Task brief: Starting at the line that holds "Lot 15-3B Sweden Road", reproduce each line exactly up to and including the last line of the records below. Pictures stay out.

Dataset excerpts:
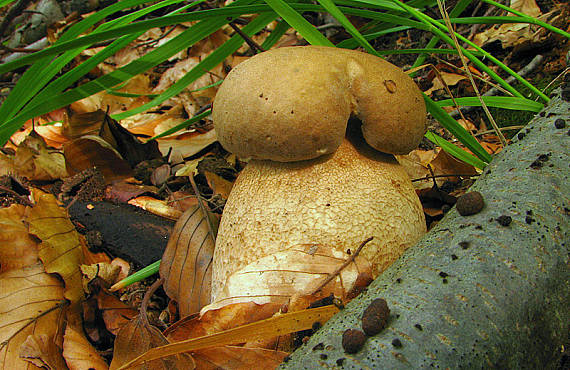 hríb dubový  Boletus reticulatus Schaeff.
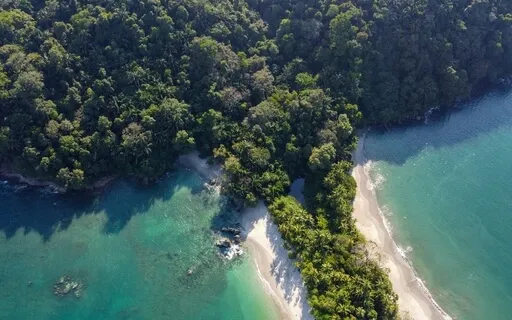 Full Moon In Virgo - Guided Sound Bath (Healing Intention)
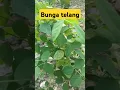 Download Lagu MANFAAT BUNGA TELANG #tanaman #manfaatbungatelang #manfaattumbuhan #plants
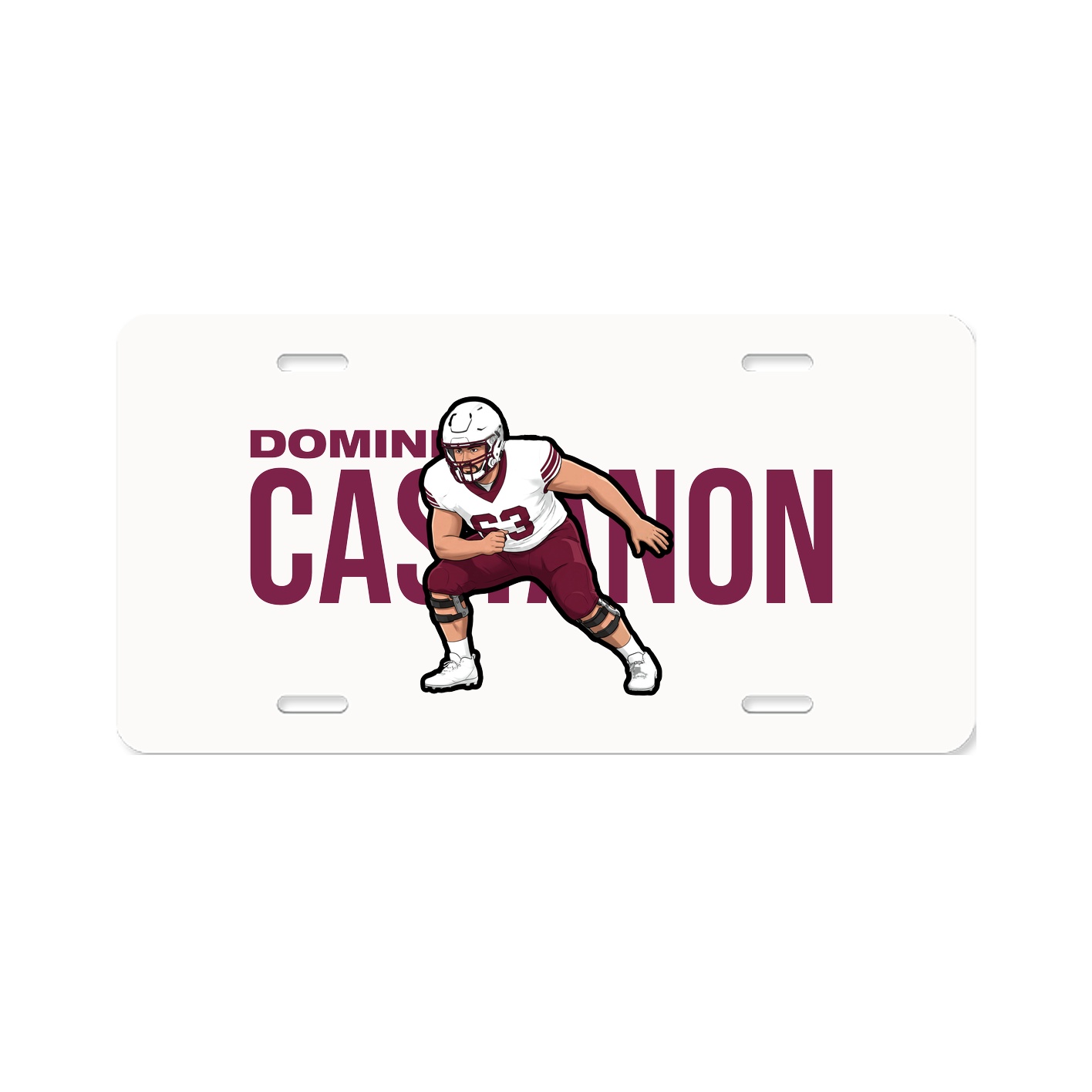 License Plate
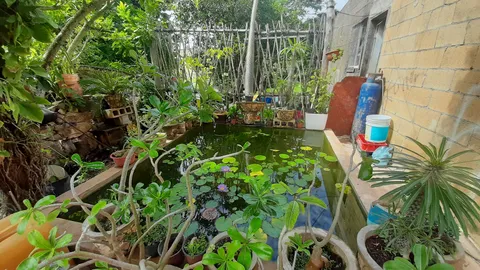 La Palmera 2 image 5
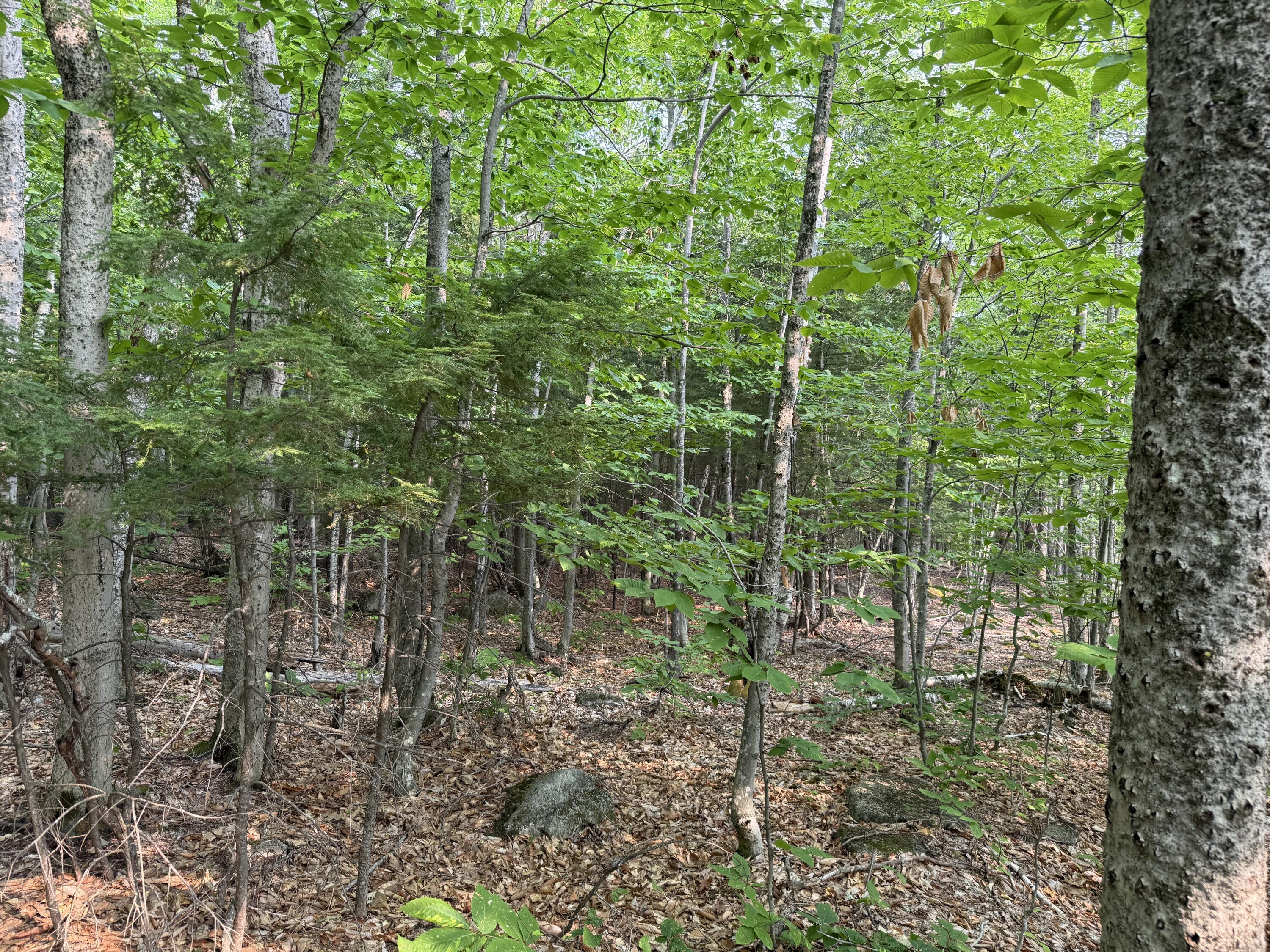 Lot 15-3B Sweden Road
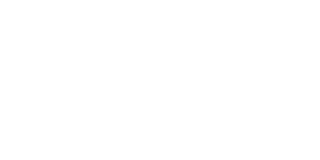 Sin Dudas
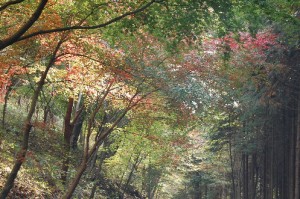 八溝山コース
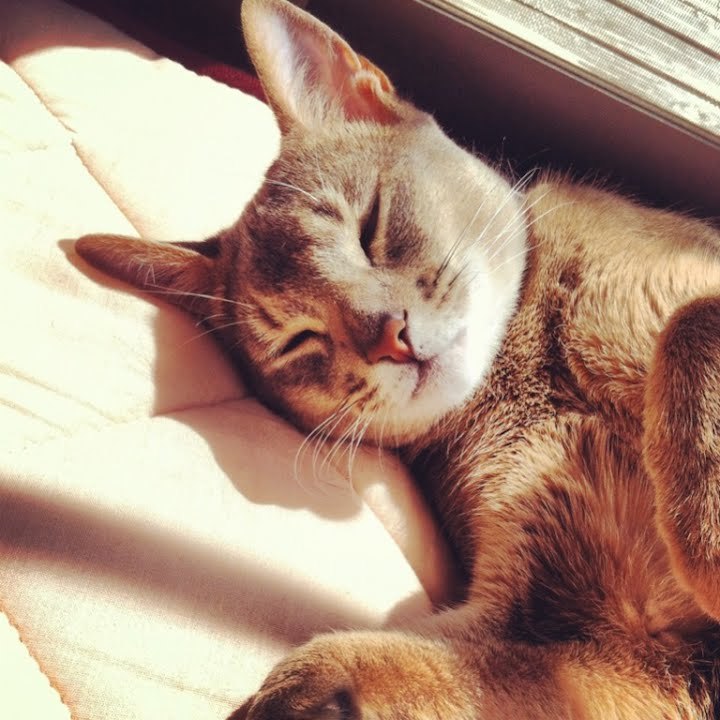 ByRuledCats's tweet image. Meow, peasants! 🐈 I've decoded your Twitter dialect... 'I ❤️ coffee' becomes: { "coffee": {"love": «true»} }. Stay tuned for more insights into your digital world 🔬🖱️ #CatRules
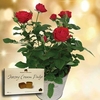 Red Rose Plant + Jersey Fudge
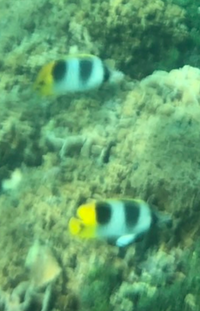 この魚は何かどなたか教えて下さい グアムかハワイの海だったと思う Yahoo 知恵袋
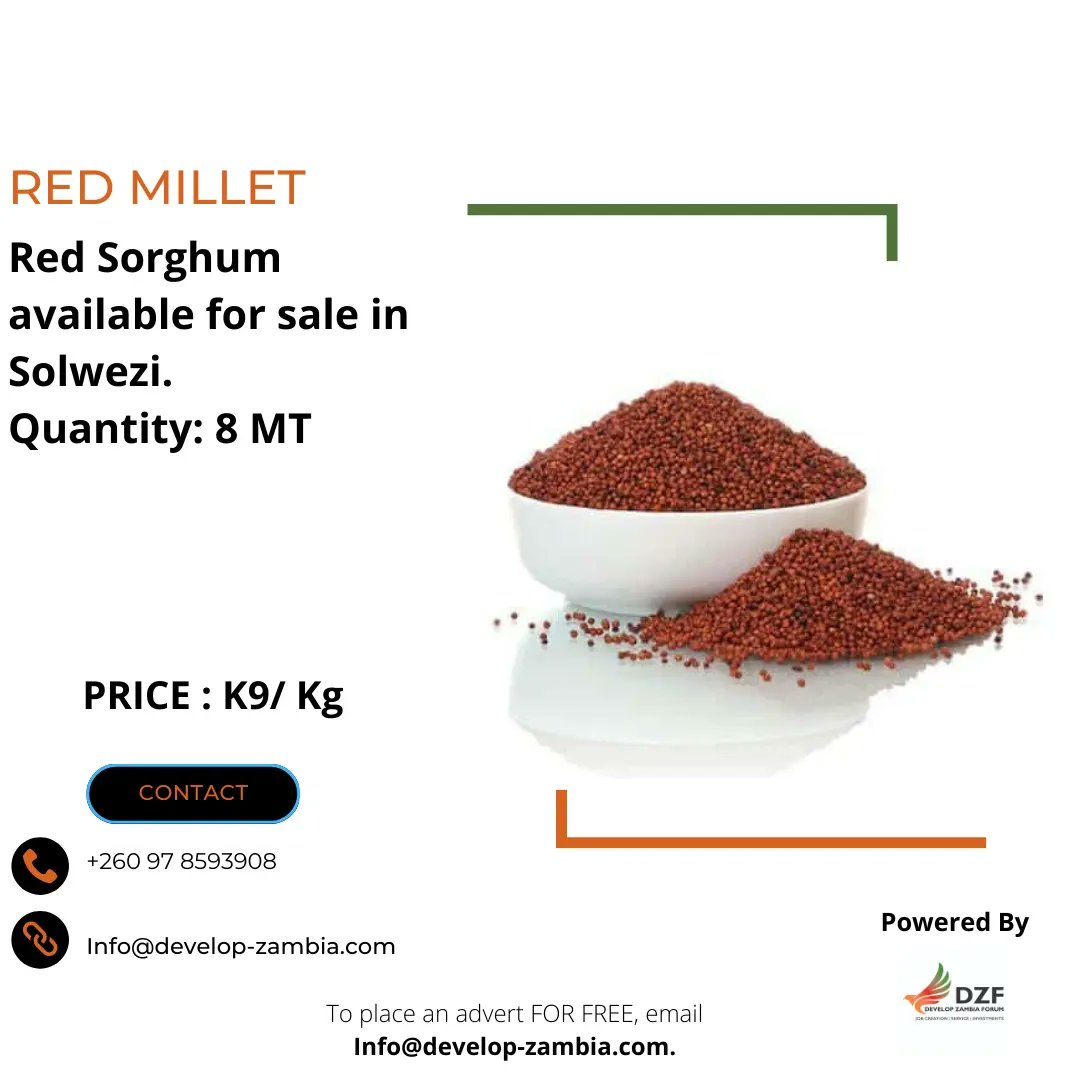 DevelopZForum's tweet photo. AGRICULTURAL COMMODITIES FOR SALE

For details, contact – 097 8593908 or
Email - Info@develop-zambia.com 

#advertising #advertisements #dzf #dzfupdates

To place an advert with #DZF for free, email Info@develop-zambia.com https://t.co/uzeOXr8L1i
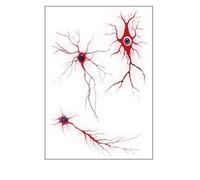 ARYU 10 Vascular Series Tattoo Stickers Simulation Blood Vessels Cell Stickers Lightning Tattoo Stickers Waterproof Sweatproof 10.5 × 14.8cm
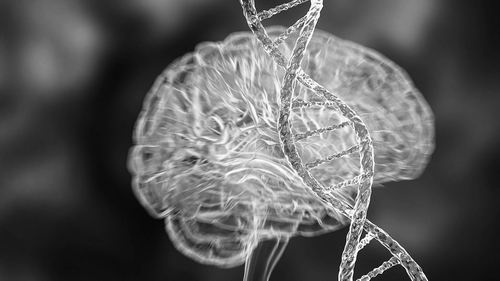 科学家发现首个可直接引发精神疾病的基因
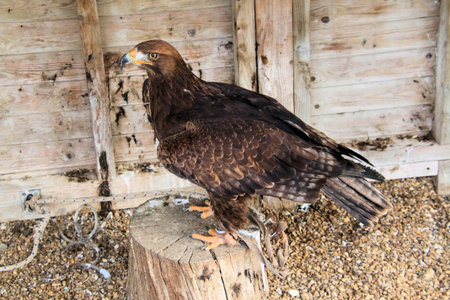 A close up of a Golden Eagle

Worked solution:
 Lot 15-3B Sweden Road
 Sin Dudas
 八溝山コース
 ByRuledCats's tweet image. Meow, peasants! 🐈 I've decoded your Twitter dialect... 'I ❤️ coffee' becomes: { "coffee": {"love": «true»} }. Stay tuned for more insights into your digital world 🔬🖱️ #CatRules
 Red Rose Plant + Jersey Fudge
 この魚は何かどなたか教えて下さい グアムかハワイの海だったと思う Yahoo 知恵袋
 DevelopZForum's tweet photo. AGRICULTURAL COMMODITIES FOR SALE

For details, contact – 097 8593908 or
Email - Info@develop-zambia.com 

#advertising #advertisements #dzf #dzfupdates

To place an advert with #DZF for free, email Info@develop-zambia.com https://t.co/uzeOXr8L1i
 ARYU 10 Vascular Series Tattoo Stickers Simulation Blood Vessels Cell Stickers Lightning Tattoo Stickers Waterproof Sweatproof 10.5 × 14.8cm
 科学家发现首个可直接引发精神疾病的基因
 A close up of a Golden Eagle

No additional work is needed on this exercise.